## [What is needed]
Return the lines from the one containing "Самоскид причіп ГКБ 8527 1985 в Радивиліві фото" to the end of the material, both end lines included, exactly and with nothing else.

## [Source material]

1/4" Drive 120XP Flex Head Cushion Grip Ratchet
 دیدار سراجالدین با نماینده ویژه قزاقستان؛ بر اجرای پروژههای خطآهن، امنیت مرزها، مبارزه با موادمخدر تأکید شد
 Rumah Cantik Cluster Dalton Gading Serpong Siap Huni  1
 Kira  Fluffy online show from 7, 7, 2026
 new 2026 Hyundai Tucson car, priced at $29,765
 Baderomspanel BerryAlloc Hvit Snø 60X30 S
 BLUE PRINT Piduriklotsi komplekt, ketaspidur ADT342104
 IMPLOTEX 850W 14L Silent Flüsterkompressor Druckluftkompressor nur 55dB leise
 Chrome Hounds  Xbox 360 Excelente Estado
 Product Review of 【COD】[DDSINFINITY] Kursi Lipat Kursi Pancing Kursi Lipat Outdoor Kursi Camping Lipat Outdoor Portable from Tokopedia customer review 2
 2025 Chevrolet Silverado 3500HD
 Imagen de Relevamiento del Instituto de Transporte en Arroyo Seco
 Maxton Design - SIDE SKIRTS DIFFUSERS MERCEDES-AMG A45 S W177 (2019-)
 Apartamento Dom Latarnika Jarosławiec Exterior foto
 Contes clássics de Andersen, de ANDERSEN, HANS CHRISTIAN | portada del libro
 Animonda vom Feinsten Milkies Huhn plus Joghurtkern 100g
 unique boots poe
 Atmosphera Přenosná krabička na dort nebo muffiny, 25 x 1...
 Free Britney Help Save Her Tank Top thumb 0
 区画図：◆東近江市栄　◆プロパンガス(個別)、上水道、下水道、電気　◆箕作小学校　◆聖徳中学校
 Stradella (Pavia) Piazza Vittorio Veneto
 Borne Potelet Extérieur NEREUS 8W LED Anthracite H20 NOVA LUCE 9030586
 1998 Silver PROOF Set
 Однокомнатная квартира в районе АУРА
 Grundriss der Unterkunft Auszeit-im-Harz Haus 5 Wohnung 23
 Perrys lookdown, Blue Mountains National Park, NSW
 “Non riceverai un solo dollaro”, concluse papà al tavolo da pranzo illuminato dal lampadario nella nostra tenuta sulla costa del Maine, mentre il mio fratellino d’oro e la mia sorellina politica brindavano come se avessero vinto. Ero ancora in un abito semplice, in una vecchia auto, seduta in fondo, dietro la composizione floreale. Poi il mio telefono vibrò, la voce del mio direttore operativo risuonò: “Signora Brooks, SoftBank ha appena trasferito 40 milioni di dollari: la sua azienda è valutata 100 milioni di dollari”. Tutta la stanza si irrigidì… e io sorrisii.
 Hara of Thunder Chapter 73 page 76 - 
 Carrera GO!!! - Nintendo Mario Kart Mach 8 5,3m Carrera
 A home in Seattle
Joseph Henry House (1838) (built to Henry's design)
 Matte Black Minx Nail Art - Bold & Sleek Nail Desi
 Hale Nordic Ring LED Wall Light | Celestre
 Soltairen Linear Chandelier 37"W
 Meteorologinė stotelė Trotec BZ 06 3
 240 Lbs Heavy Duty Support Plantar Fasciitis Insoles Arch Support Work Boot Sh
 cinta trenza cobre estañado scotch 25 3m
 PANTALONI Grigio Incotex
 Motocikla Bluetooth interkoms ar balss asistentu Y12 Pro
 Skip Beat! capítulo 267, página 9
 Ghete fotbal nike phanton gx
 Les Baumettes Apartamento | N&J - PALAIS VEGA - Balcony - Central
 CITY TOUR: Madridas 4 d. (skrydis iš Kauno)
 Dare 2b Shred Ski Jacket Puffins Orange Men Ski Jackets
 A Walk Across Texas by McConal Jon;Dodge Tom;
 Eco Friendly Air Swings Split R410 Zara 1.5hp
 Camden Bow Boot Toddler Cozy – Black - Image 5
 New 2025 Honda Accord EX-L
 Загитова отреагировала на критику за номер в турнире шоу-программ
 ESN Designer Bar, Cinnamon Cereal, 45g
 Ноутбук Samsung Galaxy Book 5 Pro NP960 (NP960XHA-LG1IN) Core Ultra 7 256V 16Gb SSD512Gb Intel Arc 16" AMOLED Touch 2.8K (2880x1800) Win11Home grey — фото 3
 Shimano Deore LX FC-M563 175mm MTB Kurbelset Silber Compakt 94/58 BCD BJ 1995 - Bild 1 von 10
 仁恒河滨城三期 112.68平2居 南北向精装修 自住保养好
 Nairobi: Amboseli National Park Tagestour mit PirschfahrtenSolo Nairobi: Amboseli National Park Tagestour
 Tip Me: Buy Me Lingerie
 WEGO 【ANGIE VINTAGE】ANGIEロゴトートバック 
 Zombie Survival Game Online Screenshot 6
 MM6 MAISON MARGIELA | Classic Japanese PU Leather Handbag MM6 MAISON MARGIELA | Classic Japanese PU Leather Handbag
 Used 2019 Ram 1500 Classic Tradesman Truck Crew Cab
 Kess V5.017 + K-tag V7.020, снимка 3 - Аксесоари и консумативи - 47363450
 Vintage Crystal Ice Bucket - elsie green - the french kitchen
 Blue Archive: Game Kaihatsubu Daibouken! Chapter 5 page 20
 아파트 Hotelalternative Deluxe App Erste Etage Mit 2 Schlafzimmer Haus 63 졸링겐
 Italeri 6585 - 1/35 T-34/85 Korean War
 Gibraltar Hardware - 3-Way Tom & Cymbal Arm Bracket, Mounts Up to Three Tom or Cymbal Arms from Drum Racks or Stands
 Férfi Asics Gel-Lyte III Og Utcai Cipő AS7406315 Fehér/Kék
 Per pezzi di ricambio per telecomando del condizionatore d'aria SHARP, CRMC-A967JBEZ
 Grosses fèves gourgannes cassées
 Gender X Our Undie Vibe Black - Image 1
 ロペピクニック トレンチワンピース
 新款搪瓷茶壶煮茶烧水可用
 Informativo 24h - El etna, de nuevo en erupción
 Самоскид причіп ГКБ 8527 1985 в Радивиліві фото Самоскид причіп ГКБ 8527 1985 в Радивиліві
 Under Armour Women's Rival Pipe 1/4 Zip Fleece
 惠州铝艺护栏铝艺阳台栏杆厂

## [Answer section]
 Самоскид причіп ГКБ 8527 1985 в Радивиліві фото Самоскид причіп ГКБ 8527 1985 в Радивиліві
 Under Armour Women's Rival Pipe 1/4 Zip Fleece
 惠州铝艺护栏铝艺阳台栏杆厂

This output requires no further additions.